If  children are struggling readers, EnVisions 2.0 will make sure they struggle with math.
Here is one person's opinion:
EnVision Math was terrible even before their CC 2.0 edition. But, you can't tell how bad it is until slightly later than K-2. It's even more constructivist than Everyday Math, but it isn't as rapidly changing of content (every 2-3 days in Everyday Math.) It falls apart for kids around grades 3-5.

The word problems aren't bad per se; Singapore math is incredibly heavy in word problems. The issue is that Singapore math also teaches mental math and then mastery of the algorithms, and a method for doing the word problem (bar modeling.) EnVision doesn't teach the algorithms, and they don't teach mental math strategies to mastery, nor the consistent technique of bar modeling. Everything is a lesson in pure constructivism, starting over from no knowledge every grade.

Word problem heavy math is something that people saw in other nations' math curricula, and thought they should try to bring here.
 But they lack:
 a) the mathematical knowledge to write mathematically correct word problems, (if Sarah has two pints of milks, and Tom has 1 cup of rice, how many pounds do they have?) and 
b) they don't teach reading well enough for students to succeed at it. Instead, the teacher teaches "key words" because the student doesn't know how to parse the sentences with their anaphora or prepositions. 

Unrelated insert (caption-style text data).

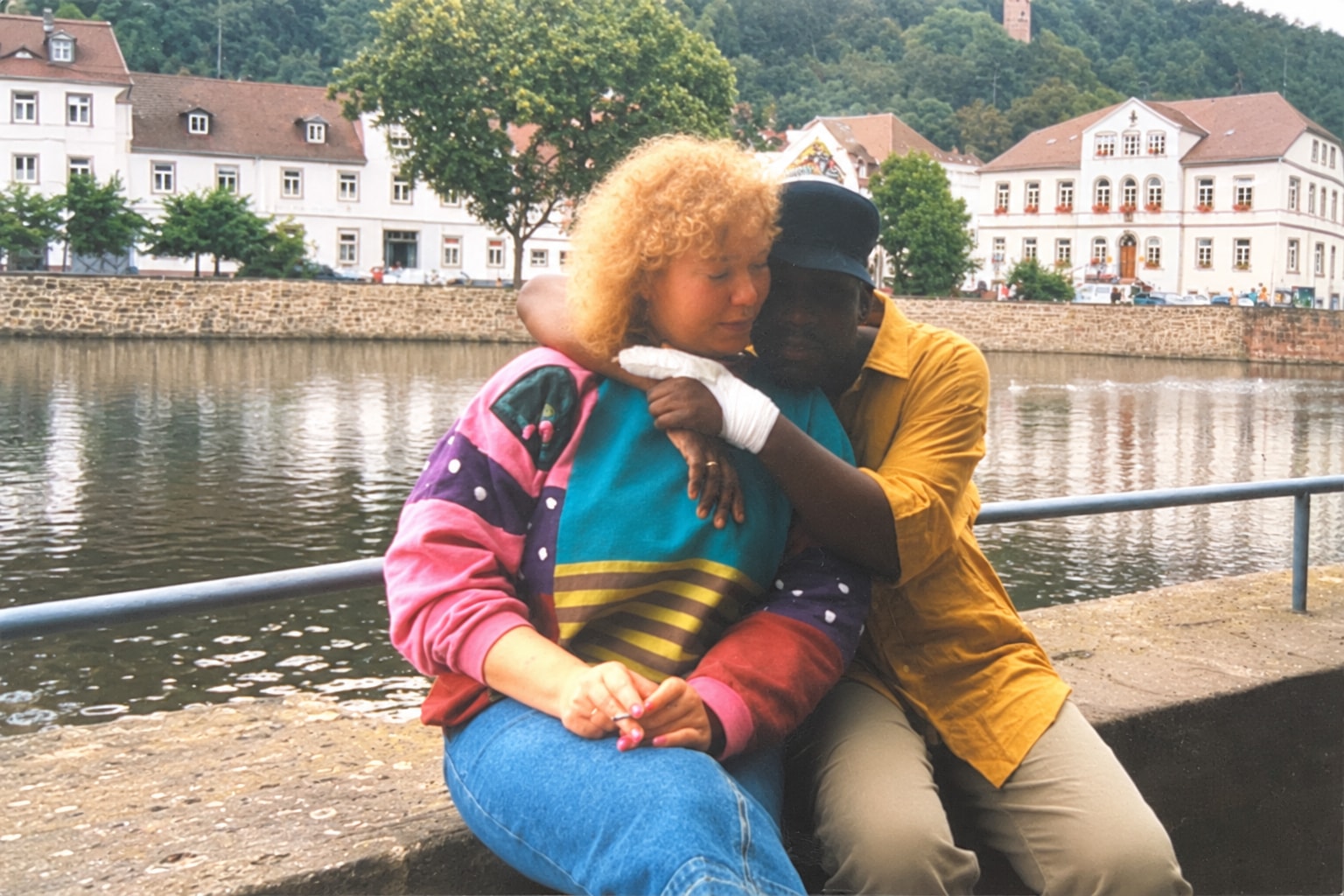 Bobby and Sylvia by the water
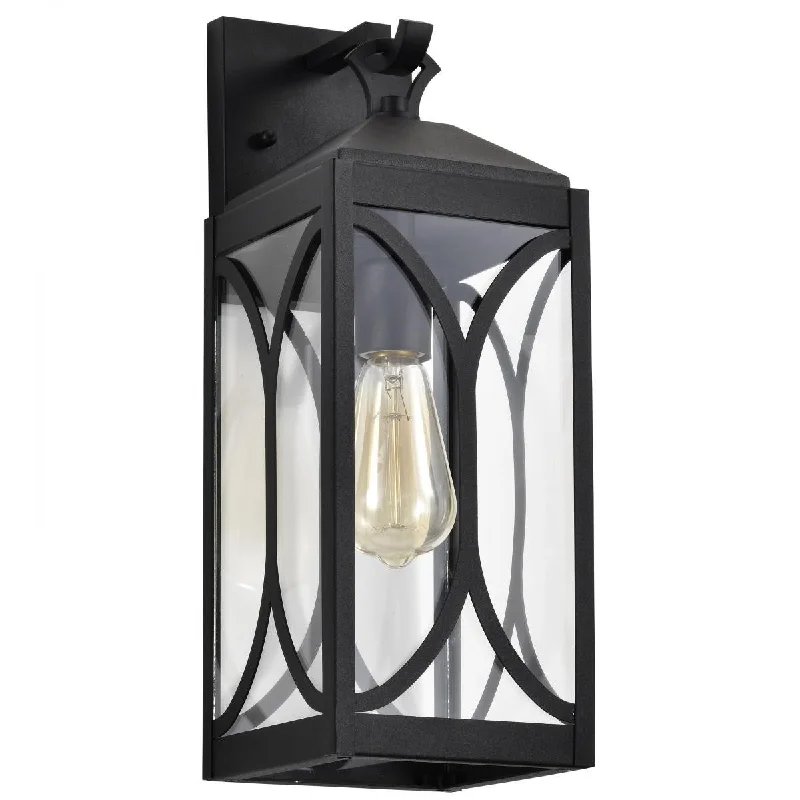 Industrial Emergency Lighting for Safety in FactoriesOaklyn 17" Outdoor Wall Light, Matte Black Finish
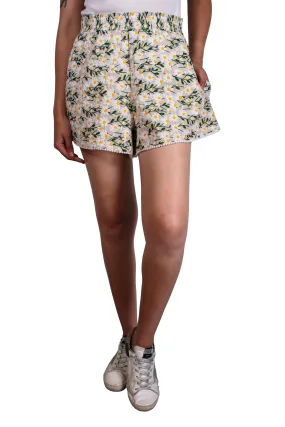 MAJE Shorts Flores Bordadas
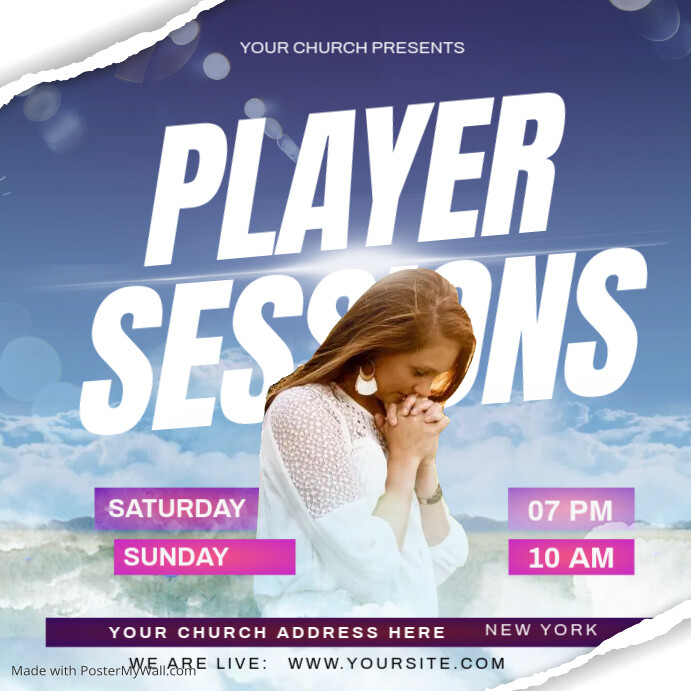 church player service Template | PosterMyWall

This turns math into "-less than- means subtract", and "-of- means multiply." Which works right up until the problem is ....
Alice has 10 fewer pieces of candy than Bob. If Alice has 22, how many does Bob have? Or, even better, if 6 of 8 socks are red, what fraction are red?
Another person teaching 2nd grade observes of EnVision CCSS 2.0
I and another teacher discarded Everyday Math early in last school year. We began using EnVisions it was considerably better than Everyday Math.  During the summer the District purchased EnVisions 2.0.  That book is considerably weaker than the previous version.  The tests 2.0 provides are so word problem heavy that it is hard to tell if the students understand arithmetic.  I am teaching first semester grade 2 and many students are not way above grade level readers.  The 2.0 materials are making the learning of arithmetic far to confusing for too many students.  I am rewriting tests to test arithmetic  to see if my grade 2 students are learning arithmetic.  If a student is currently struggling with reading, they should not automatically be forced to struggle in math class; but that is exactly what EnVisions2.0 imposes on such children.